Your goal - Begin with the line that holds "Volvo EC750EL Telakaivukoneet" and repeat each line after it exactly, ending with the last line of the listing.
Source material below:
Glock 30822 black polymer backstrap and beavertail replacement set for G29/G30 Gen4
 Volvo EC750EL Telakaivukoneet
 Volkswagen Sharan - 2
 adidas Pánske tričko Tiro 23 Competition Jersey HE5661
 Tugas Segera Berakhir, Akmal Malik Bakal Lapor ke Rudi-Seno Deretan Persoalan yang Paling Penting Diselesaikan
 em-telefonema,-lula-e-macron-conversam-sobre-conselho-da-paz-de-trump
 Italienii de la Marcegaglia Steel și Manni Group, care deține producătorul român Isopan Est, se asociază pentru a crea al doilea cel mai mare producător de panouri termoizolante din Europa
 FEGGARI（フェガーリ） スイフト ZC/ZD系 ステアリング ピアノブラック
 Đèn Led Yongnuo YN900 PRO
End of Source material.
Expected answer -
 Volvo EC750EL Telakaivukoneet
 Volkswagen Sharan - 2
 adidas Pánske tričko Tiro 23 Competition Jersey HE5661
 Tugas Segera Berakhir, Akmal Malik Bakal Lapor ke Rudi-Seno Deretan Persoalan yang Paling Penting Diselesaikan
 em-telefonema,-lula-e-macron-conversam-sobre-conselho-da-paz-de-trump
 Italienii de la Marcegaglia Steel și Manni Group, care deține producătorul român Isopan Est, se asociază pentru a crea al doilea cel mai mare producător de panouri termoizolante din Europa
 FEGGARI（フェガーリ） スイフト ZC/ZD系 ステアリング ピアノブラック
 Đèn Led Yongnuo YN900 PRO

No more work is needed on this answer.